By Matt Robinson, CTO at Gruve [ Join Cybersecurity Insiders ]

AI agents don’t just need identities. They need accountability.

That distinction matters more than most enterprise security teams have fully reckoned with. The conversation I have most often with security and technology leaders right now is not about whether to deploy agentic AI. It is about what happens once those agents are operating across production systems, and no one can fully answer what they did, what they accessed, or why.

The identity problem is real and growing. The Sophos State of Identity Security 2026 report, based on responses from 5,000 IT and cybersecurity leaders, found that 71% of organizations experienced at least one identity-related breach in the past 12 months. Weak management of non-human identities was cited as a root cause in 41% of those breaches. And just one in three organizations regularly rotates or audits service accounts and non-human identities at all. Those numbers reflect the credential problem. They do not yet fully capture what agentic AI adds on top of it.

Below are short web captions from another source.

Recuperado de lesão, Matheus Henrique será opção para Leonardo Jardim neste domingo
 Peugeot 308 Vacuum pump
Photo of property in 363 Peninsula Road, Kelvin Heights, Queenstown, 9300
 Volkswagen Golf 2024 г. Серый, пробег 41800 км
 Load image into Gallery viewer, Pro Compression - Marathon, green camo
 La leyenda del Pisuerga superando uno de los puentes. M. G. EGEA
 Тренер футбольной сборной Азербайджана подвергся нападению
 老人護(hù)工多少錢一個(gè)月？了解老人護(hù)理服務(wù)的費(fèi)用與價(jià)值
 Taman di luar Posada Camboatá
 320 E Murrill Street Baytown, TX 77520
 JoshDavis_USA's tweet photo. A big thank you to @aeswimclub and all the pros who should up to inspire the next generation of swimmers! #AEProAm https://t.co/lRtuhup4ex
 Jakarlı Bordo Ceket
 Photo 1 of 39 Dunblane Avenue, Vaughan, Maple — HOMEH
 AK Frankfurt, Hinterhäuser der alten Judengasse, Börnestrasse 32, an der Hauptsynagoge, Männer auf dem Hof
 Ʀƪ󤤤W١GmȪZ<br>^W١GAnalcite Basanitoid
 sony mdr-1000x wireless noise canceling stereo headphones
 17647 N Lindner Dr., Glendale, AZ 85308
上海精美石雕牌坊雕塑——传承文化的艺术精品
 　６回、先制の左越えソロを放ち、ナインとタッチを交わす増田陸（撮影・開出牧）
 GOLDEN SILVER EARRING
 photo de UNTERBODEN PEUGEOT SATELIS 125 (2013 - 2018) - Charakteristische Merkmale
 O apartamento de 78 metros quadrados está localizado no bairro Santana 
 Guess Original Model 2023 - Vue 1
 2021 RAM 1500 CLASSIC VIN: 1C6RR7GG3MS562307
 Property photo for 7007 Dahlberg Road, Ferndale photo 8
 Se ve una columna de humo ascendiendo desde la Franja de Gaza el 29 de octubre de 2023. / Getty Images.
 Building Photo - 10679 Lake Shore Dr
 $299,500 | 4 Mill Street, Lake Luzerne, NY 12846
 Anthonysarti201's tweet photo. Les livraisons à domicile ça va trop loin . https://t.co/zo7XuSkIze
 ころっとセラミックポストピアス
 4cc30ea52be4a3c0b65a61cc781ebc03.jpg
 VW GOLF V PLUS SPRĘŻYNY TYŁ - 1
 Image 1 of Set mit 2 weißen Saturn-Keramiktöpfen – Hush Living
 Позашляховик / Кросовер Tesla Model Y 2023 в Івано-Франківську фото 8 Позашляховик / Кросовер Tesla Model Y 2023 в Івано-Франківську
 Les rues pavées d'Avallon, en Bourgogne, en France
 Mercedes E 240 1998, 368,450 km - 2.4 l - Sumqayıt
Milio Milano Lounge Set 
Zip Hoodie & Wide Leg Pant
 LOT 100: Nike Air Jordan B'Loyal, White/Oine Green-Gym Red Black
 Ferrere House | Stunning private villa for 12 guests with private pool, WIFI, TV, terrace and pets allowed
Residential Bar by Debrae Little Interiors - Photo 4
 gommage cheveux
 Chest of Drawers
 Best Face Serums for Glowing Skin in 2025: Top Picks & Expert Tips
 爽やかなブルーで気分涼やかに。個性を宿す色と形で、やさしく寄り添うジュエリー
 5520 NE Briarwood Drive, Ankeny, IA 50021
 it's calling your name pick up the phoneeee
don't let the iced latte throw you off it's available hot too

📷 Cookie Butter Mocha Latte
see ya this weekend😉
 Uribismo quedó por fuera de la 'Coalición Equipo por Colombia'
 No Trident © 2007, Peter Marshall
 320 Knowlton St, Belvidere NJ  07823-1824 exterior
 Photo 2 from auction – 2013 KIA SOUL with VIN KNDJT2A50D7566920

Why AI Agents Change the Identity Problem

Every AI agent spun up inside a production environment introduces a new identity: credentials to access systems, permissions to execute workflows, pathways through sensitive data. In many of the enterprise environments I work with, machine accounts already outnumber human accounts. Agentic AI is accelerating that gap at a rate most security architectures were not designed to absorb.

But the harder problem is not the volume of identities. It is what those identities do once they are operating.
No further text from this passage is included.